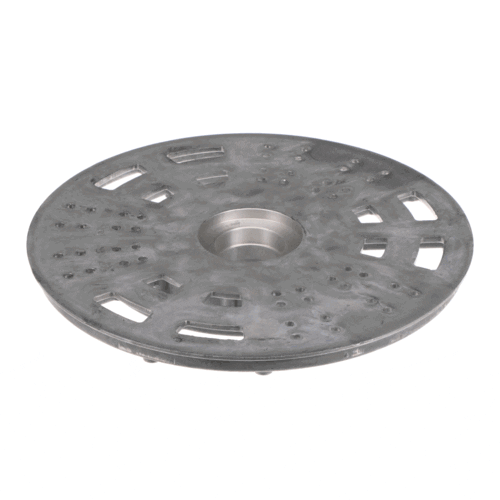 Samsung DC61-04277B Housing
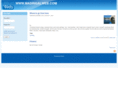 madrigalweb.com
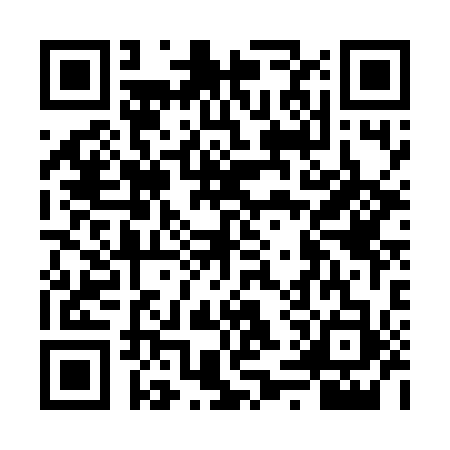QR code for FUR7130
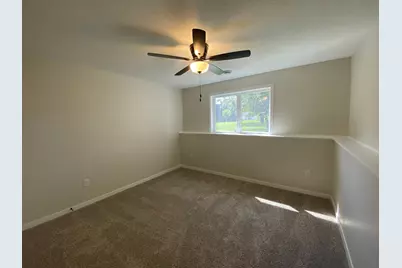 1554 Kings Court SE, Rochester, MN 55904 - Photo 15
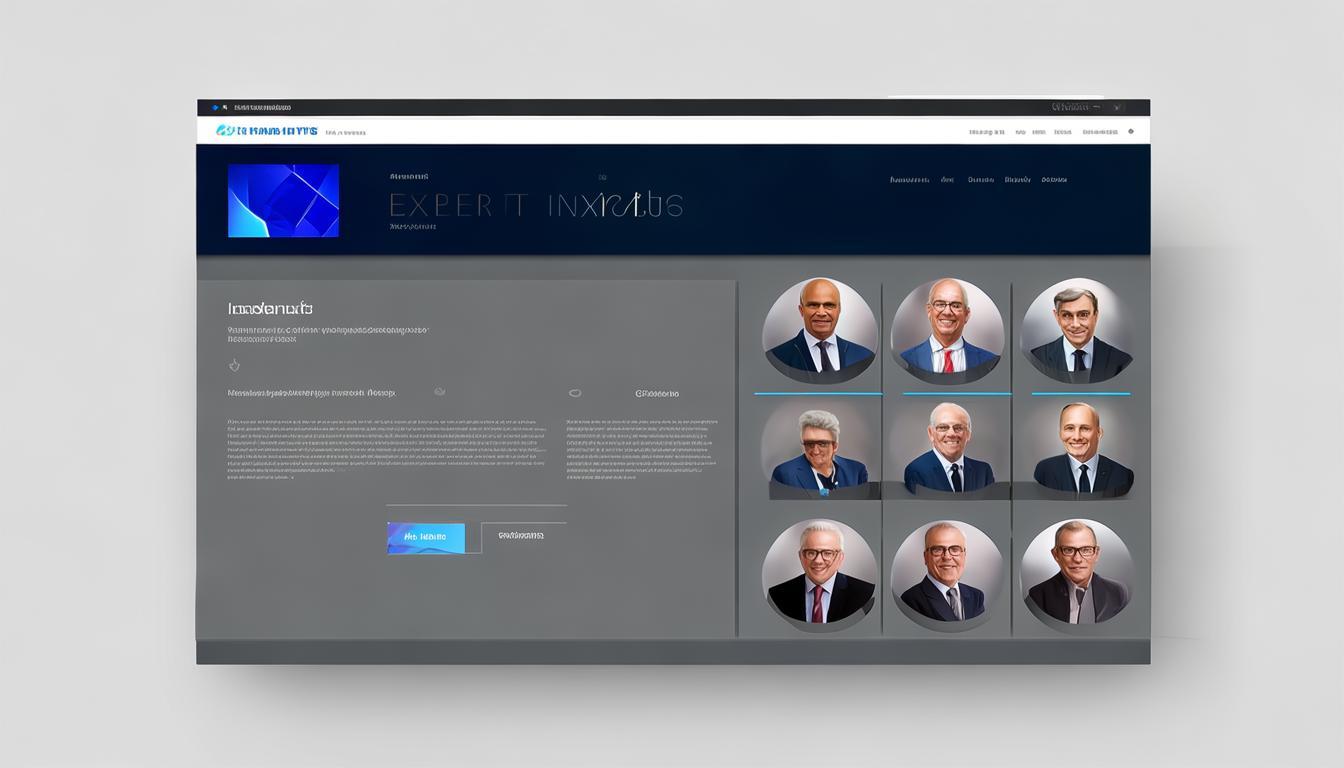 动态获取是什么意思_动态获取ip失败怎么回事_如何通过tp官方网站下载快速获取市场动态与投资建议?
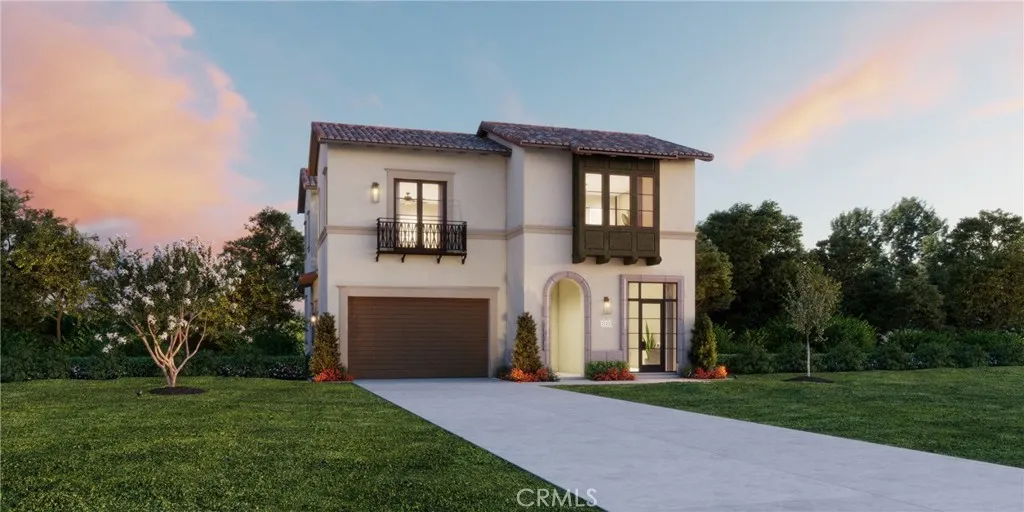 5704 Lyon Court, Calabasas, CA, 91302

━━━━━━━━━━━━━━━━━━━━━━━━━━━━━━

▶ [ACTION ITEM] Write out only the lines from the one that contains "madrigalweb.com" through the last line of the records above, both included, word for word and without the pictures.

▶ [RESPONSE BELOW]
 madrigalweb.com
QR code for FUR7130
 1554 Kings Court SE, Rochester, MN 55904 - Photo 15
 动态获取是什么意思_动态获取ip失败怎么回事_如何通过tp官方网站下载快速获取市场动态与投资建议?
 5704 Lyon Court, Calabasas, CA, 91302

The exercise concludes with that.